Task: Would you output all the lines below precisely as they stand, leaving each picture out?

Dataset excerpts:

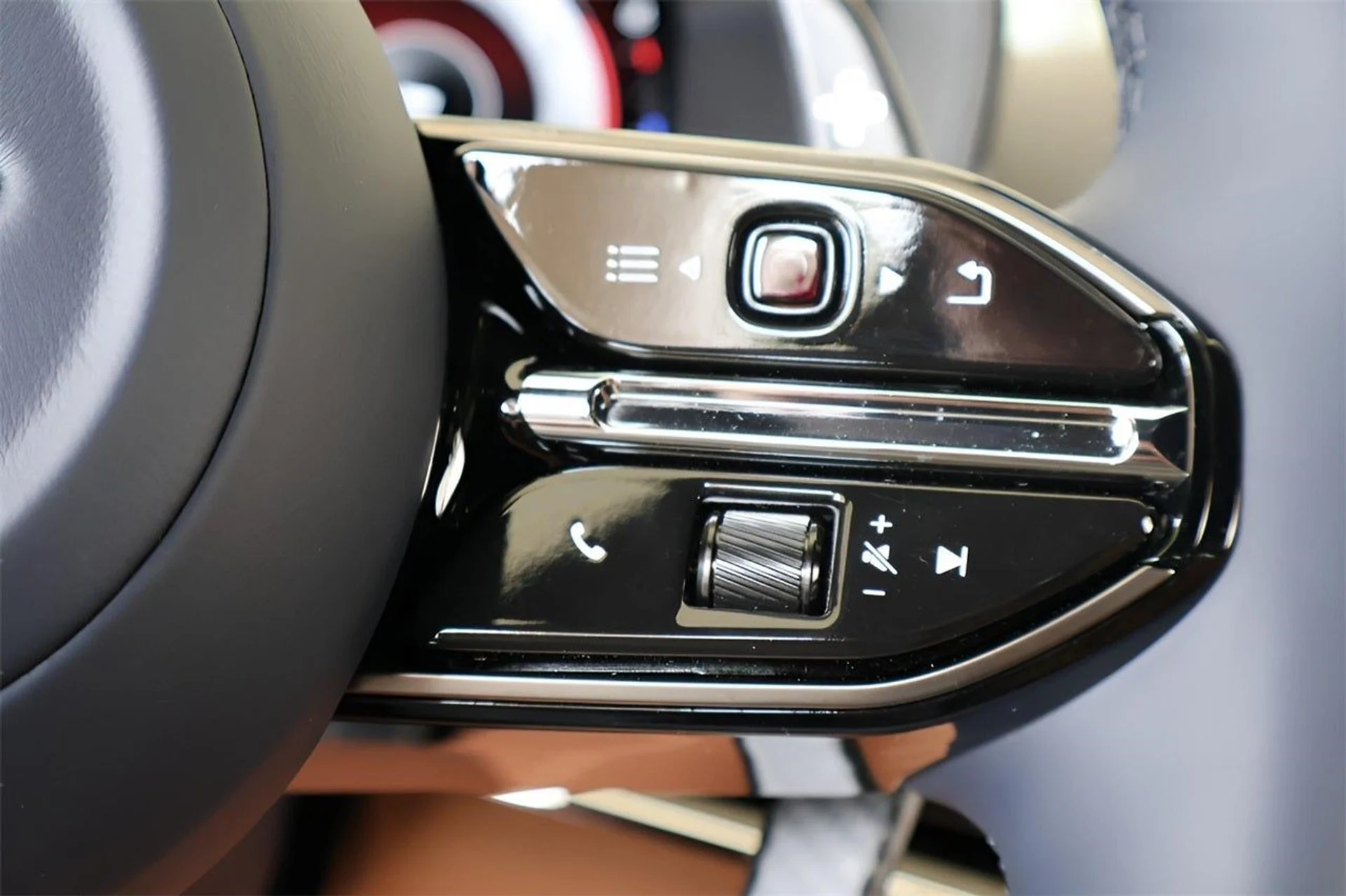 mph025_2570433302_26_a3aa9da2cb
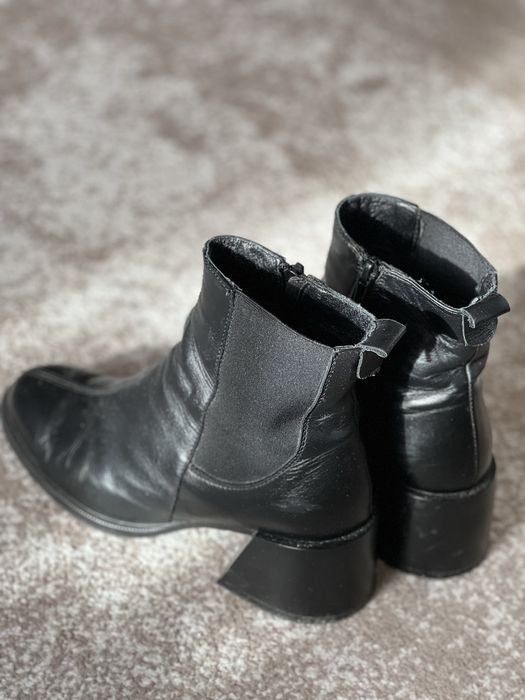 Шкіряні осінні ботінки 37 р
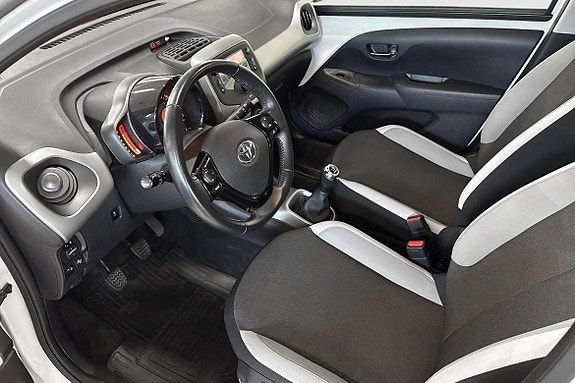 Toyota Aygo 7 of 12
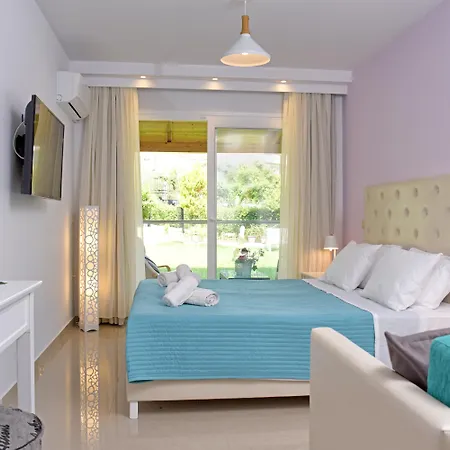 Palapart Gikas Suites And Studios Apartment *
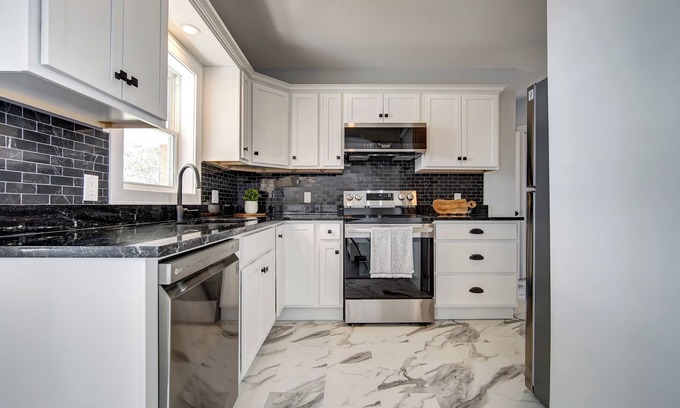 Conrod Settlement Cottage | Gorgeous Waterfront Cottage only 45 minutes from Halifax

Answer section:
 mph025_2570433302_26_a3aa9da2cb
 Шкіряні осінні ботінки 37 р
 Toyota Aygo 7 of 12
 Palapart Gikas Suites And Studios Apartment *
 Conrod Settlement Cottage | Gorgeous Waterfront Cottage only 45 minutes from Halifax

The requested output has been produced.